Absolutely. I think, you know, the FA's motto is football for all.
And I really do want to see that, you know, come into fruition in today's game.
I think this is the kind of game that can be adapted for everybody.
I feel like there is spaces for everybody to take part, whether that be sessions like my own and, you know, projects run through QPR and things like that,
or just booking a pitch at the local goals or Power League and having a five-a-side session with your mates.
And genuinely, from first-hand experience, I am seeing a lot more of it.
I do feel like a lot of us grew up feeling like we were the only ones that were playing.
You know, I was the only girl with a hijab on and a football under my arm, but it does genuinely feel so much different now.

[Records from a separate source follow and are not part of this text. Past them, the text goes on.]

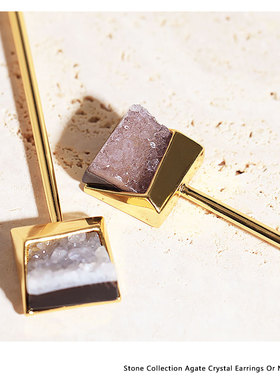 【theC】原石系列大款玛瑙晶牙毛衣项链耳环两用款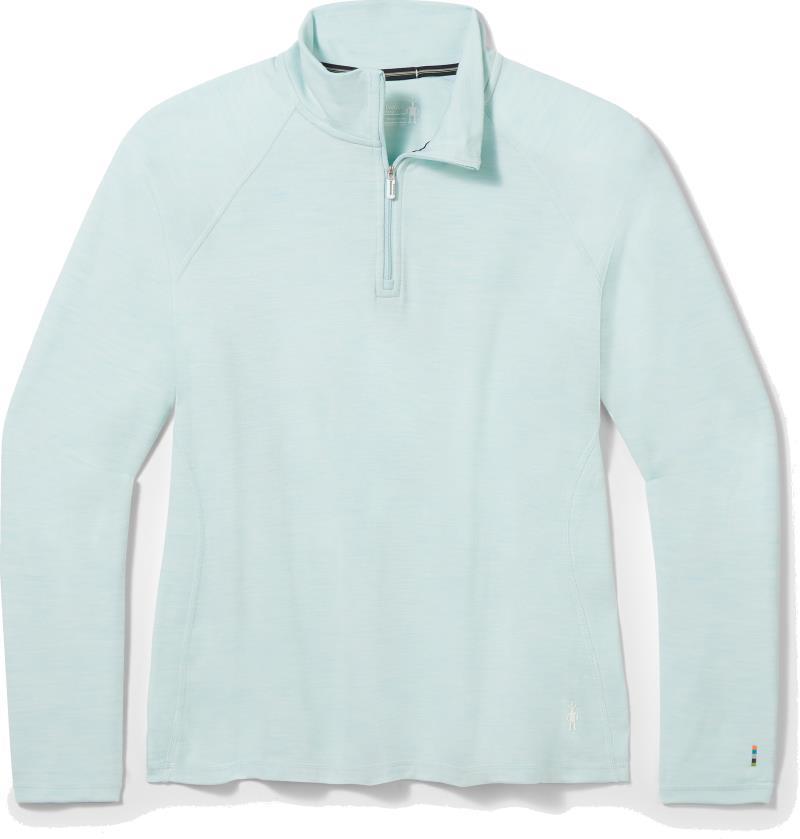 Classic Thermal Merino Base Layer 1/4 Zip Plus - Womens - Bleached Aqua Heather 1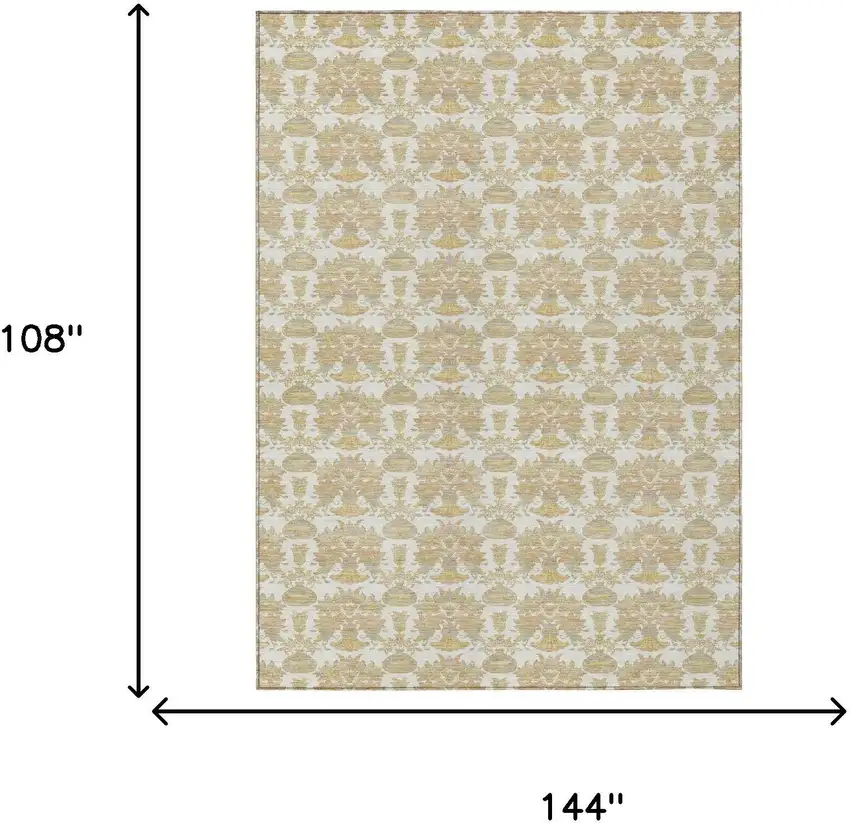 Ivory And Wheat Floral Washable Indoor Outdoor Area Rug Photo 9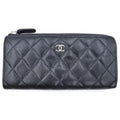 Chanel Caviar Quilted Round Zip Wallet Black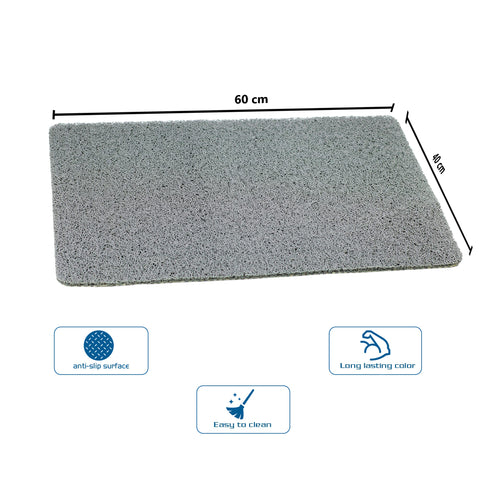 Idyfodol Loofah Shower Mat Non Slip Anti Mould 60x40 cm With Shower Puff PVC Machine Washable Bath Mats for Inside Outside Rectangular (Gray)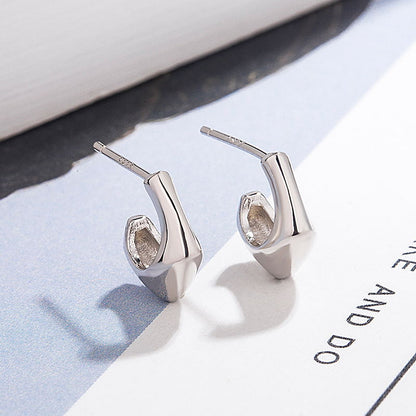 Style Hook Shaped Sier Needle Personality Earrings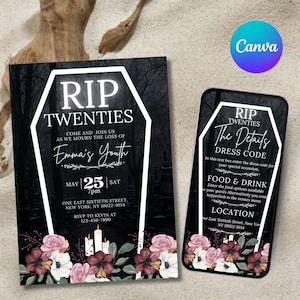 Editable Funeral For My Youth Invitation, Gothic Death to My 20s Birthday Invitation, 30th Birthday Invite, RIP Twenties Party Invite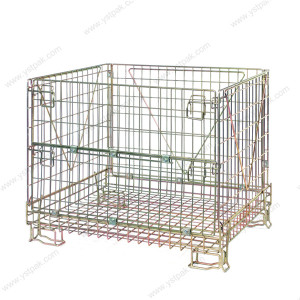 Galvanized foldable collapsible storage metal wire mesh container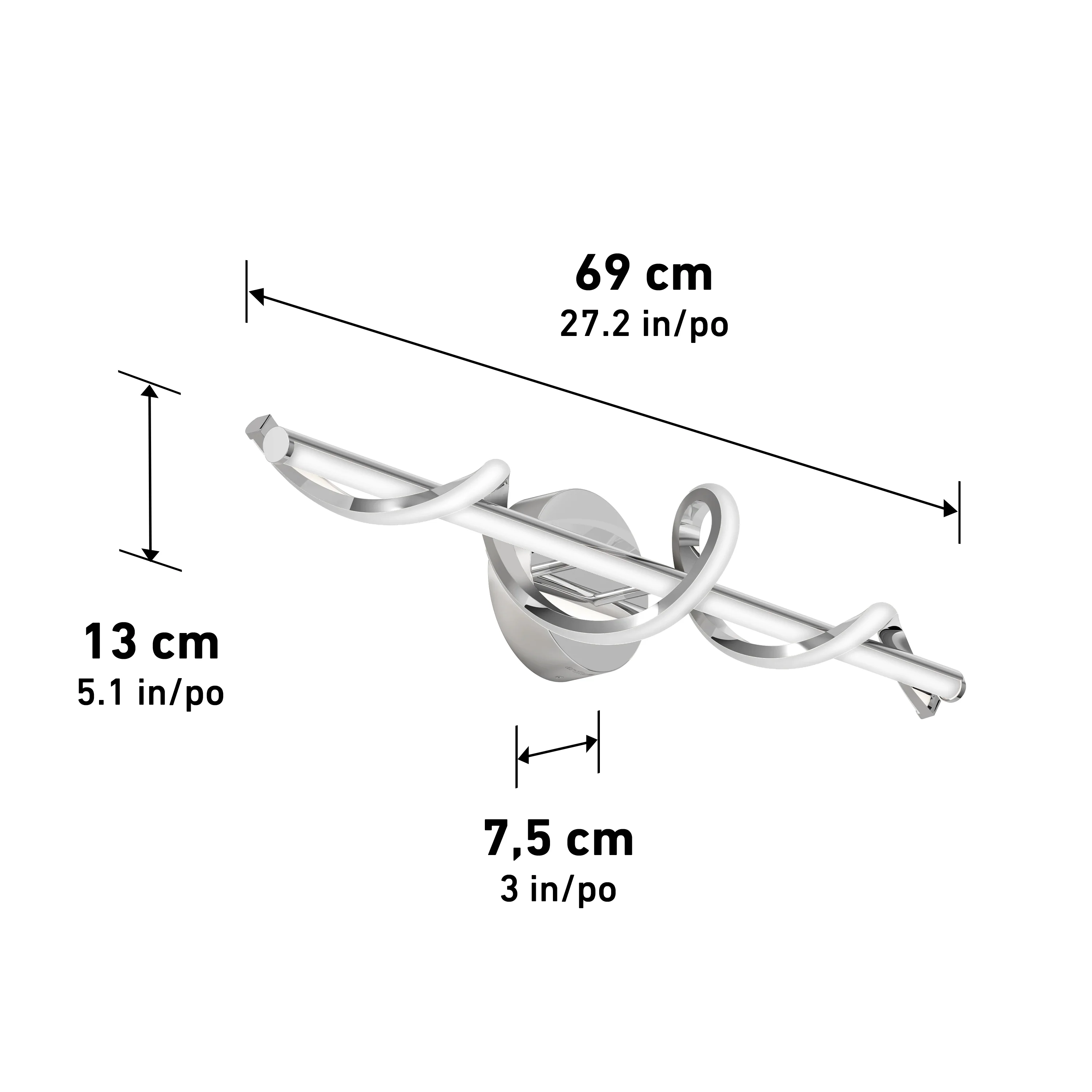 Coda 27-in (69 cm) Integrated LED 5-CCT Vanity Light Bar for Bathroom - Image 32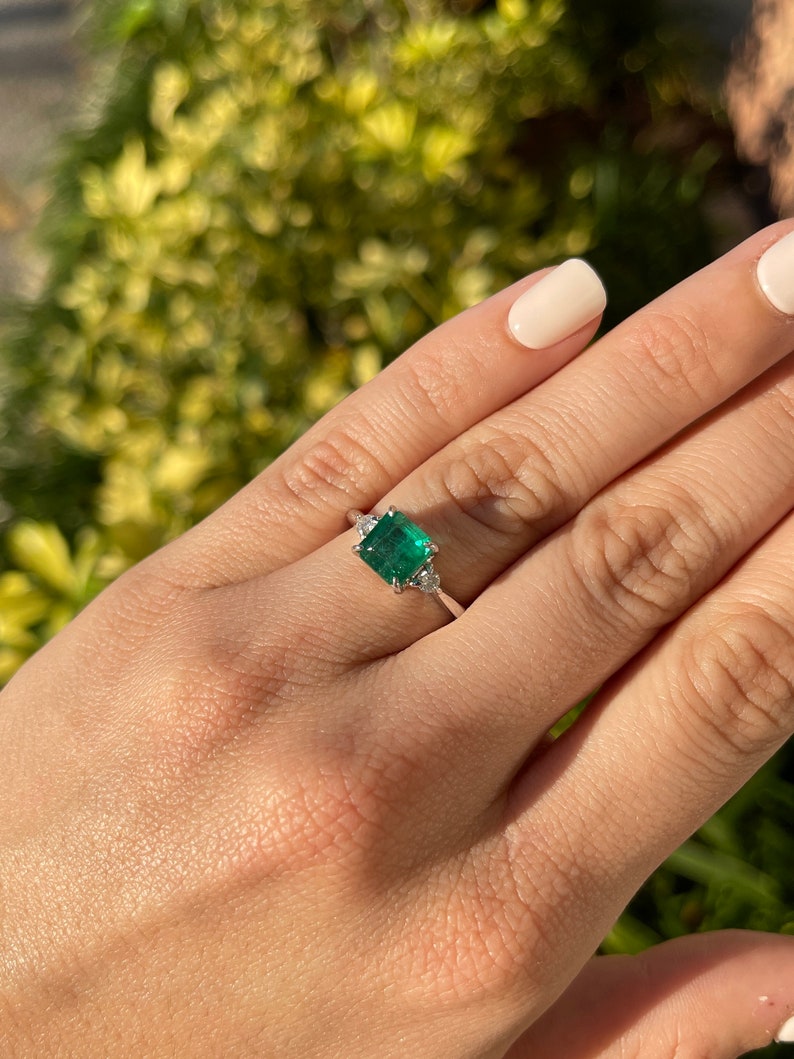 Asscher Cut 3.60 Carat Certified Lab Created Emerald Diamond Ring 14k White  Gold | eBay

And it's lovely to say that.
Have you been able to get back onto the pitch wearing your tracksuit bottoms?
I have. So yeah, as of this
past Sunday, I did get back onto the pitch.
I did play. Both my team are really
supportive and even the opposition
were passing on their respects and
being really supportive of the journey that I'd went
through. So yeah, didn't win the game, but
I did play. Well, Ikra, thank you
so much for joining us here on Women's
Hour, sharing your experience.
And yeah, we wish you all the very best with the next steps. Thank you. Thank you for having me.
Ikra, a smile there.
I'm Sarah Treleaven, and for over a year, I've been working on one of the most complex stories
I've ever covered. There was somebody out there who was faking pregnancies. I started like warning
everybody. Every doula that I know. It
was fake. No pregnancy. And the deeper I dig, the more questions I unearth. How long has she been
doing this? What does she have to gain from this? From CBC and the BBC World Service, The Con,
Caitlin's Baby. It's a long story, settle in. Available now.
Right, let's talk about red flags
because so many of you
want to do exactly that.
Thank you for all the messages
that you have been sending in
because here's the question.
Do you have a first date
red flag question?
What would be an absolute surefire
definite no-no answer?
And which answer would you receive
that would mean
there's going to be no second date
i'm asking this because olivia rodrigo the american singer songwriter and actor is quoted
as saying that if her date wants to go to space that's a question she would ask that is a red flag
for her so we wanted to know do you have a red flag question do you ever use it was it effective
or if you don't have one what would it be be? Joining me now is Helen Coffey, senior journalist at The Independent,
who's written her take on questions that she would ask.
And also on the line is Poppy J, director and podcaster,
most famously on Brown Girls Do It Too.
And now the spin-off, Big Boy Energy.
Welcome to you both.
Hi.
Helen, let me start with you.
What did you think when you read Olivia Rodrigo's comment?
I mean, I think at first I was like, wow, what a niche question to ask.
And is that really very fair to eliminate men based on that?
And then I started thinking about it more and I was like, well, maybe not 20 years ago.
But now kind of that desire to go to space is really associated with, let's face it,
the sort of Elon Musk musk jeff bezos
types who have made it their mission like i'm going to be the first to get commercial space
travel going and with the best uh will in the world with the greatest respects i really would
not want to go out with someone who even vaguely resembled either one of those men so i thought
actually maybe it's a genius thing like a very subtle question to in. Although now she's let the cat out of the bag.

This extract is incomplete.